Warner Bros. Entertainment have used their partner Vobile to track down and kill off a lot of piracy related content on search engines. The funny part about it is that they’ve been sending out DMCA notices to have Google remove certain links and URLs from the search engines, some of which includes websites that are owned by Warner Bros.
Torrent Freak did an in-depth article about the DMCAs being spread around, which hilariously include a list of sites and sources that officially host Warner Bros. Entertainment content, including Warner Bros’ own official website. It sounds too absurd to be true, but you can check the copyright claims on the Lumen Database to see the entries for yourself. The images below show you a few of the links Vobile flagged for Warner Bros., to have censored from search engines.
Yes, you’re not being mistaken. That one entry there is literally the official Warner Bros., website. If you follow the link it will take you to the official page for the 2008 release of The Dark Knight, as evidenced with a screenshot from the website below.
So in their rush to censor the web of piracy, they’ve also censored themselves in the process. They’ve literally turned into the ouroboros of anti-piracy activism.
The insanity does not end there, though. While Warner Bros’ own website was requested for removal, so was the Amazon and IMDB pages for Batman Begins.
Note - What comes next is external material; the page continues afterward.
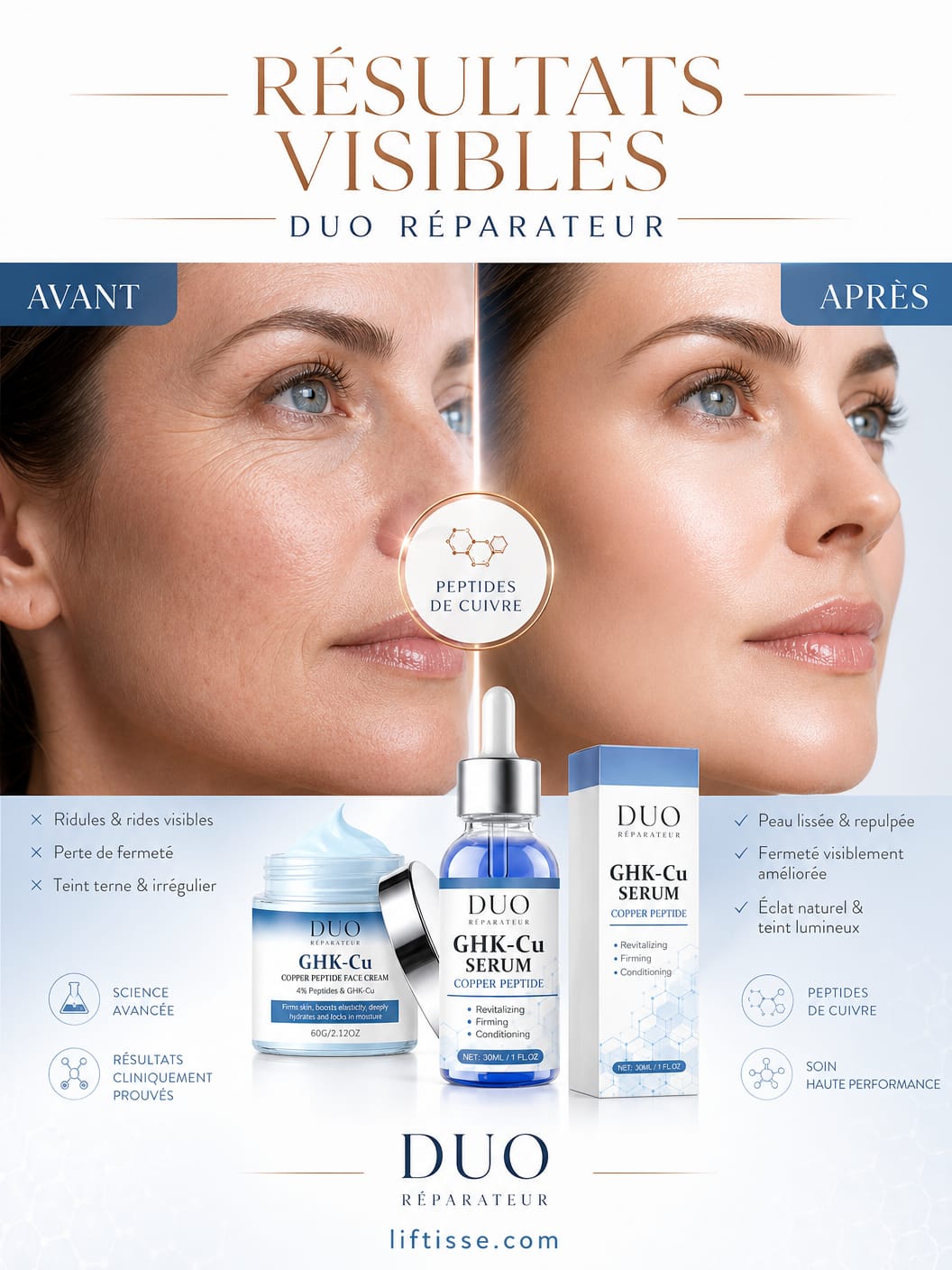DUO REPARATEUR AU PEPTIDE DE CUIVRE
The Matrix, the 1999 turning point film for Hollywood, was also listed. The official website for the movie was requested for removal via a DMCA notice.
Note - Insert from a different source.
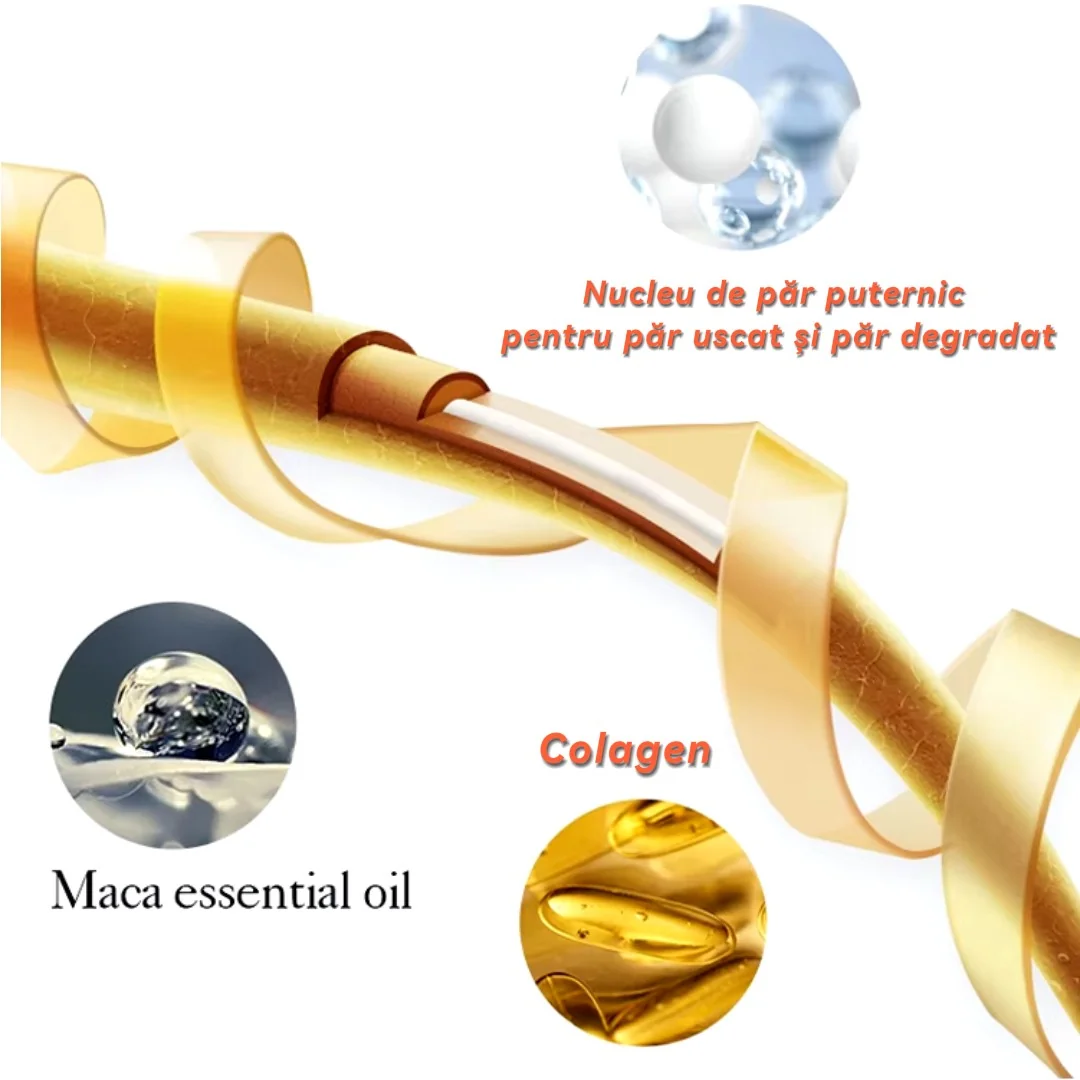 Spray leave-in cu protectie termica Maca Essence Repair Protein, 200ml, Karseell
According to Torrent Freak, there’s somewhat of a happy ending for Warner Bros., since Google swooped in to correct their mistake…
“Luckily for the Hollywood studio, Google is there to save the day. The search engine spotted their mistakes and decided to take no action for the Amazon, Sky and IMDb links.”
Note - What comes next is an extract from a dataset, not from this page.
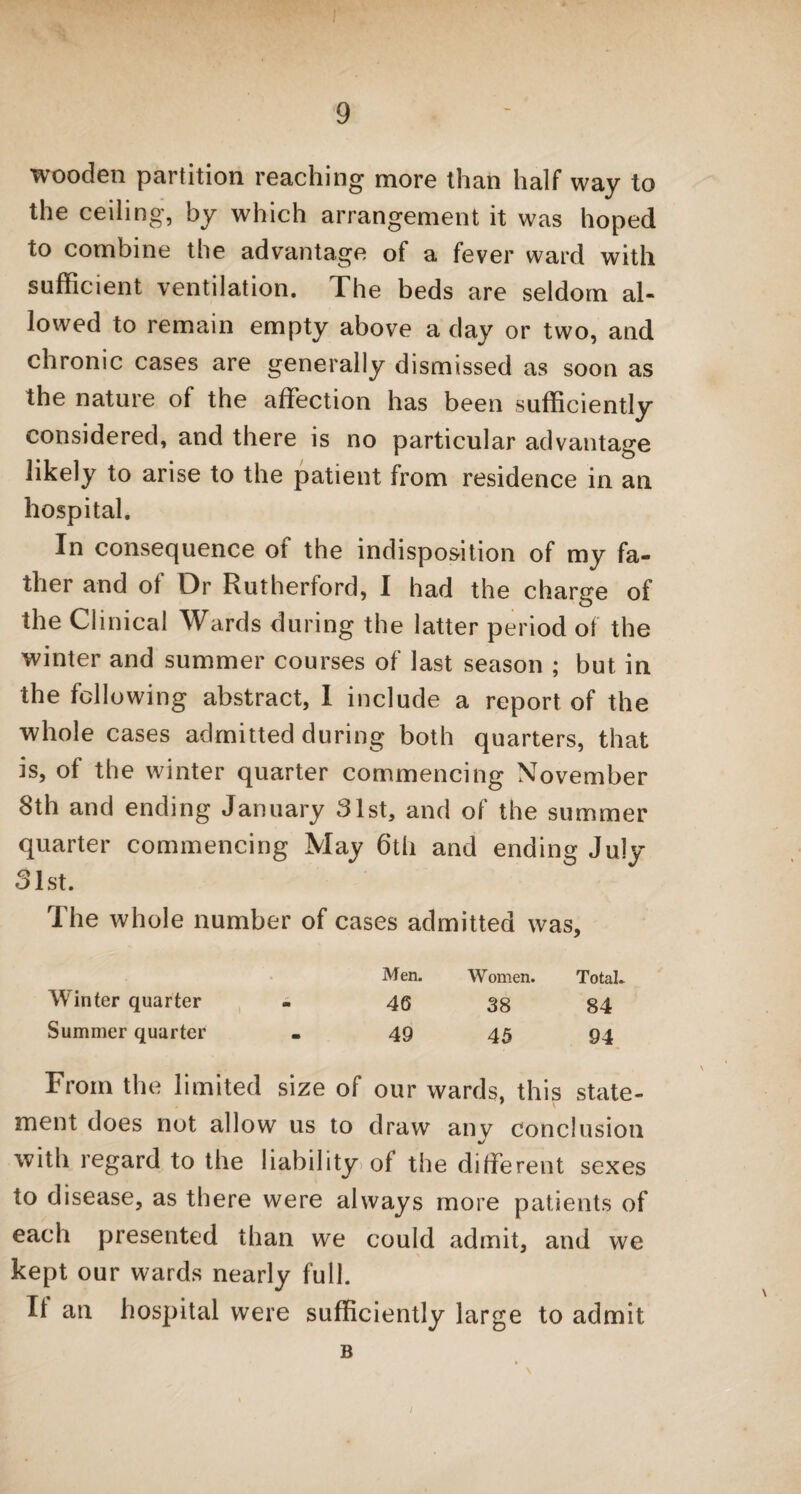 wooden partition reaching more than half way to the ceiling, by which arrangement it was hoped to combine the advantage of a fever ward with sufficient ventilation. The beds are seldom al¬ lowed to remain empty above a day or two, and chronic cases are generally dismissed as soon as the nature of the affection has been sufficiently considered, and there is no particular advantage likely to arise to the patient from residence in an hospital. In consequence of the indisposition of my fa¬ ther and of Dr Rutherford, I had the charge of the Clinical Wards during the latter period of the winter and summer courses of last season ; but in the following abstract, I include a report of the whole cases admitted during both quarters, that is, of the winter quarter commencing November 8th and ending January 31st, and of the summer quarter commencing May 6th and ending July 31st. The whole number of cases admitted was. Men. Women. Total. Winter quarter - 46 38 84 Summer quarter . 49 45 94 From the limited size of our wards, this state¬ ment does not allow us to draw anv conclusion with regard to the liability of the different sexes to disease, as there were always more patients of each presented than we could admit, and we kept our wards nearly full. It an hospital were sufficiently large to admit B /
There were no happy endings for the people who made fan-made games based on Nintendo products, however. The Big ‘N’ recently issued more than 500 DMCA takedown notices for various freeware titles on Game Jolt. They also individually sought out to shut down Another Metroid 2 Remake’s creators from even releasing patches for the unofficial game.
The moral of the story? Essentially you can use wide sweeping DMCA claims to strip the internet of content, even if the content being pegged for censorship is completely legitimate. While Google stepped in to save the day here, it only leaves you to wonder how many other articles, websites or crucial pieces of information get buried everyday by erroneous DMCA claims thrown out to silence certain websites?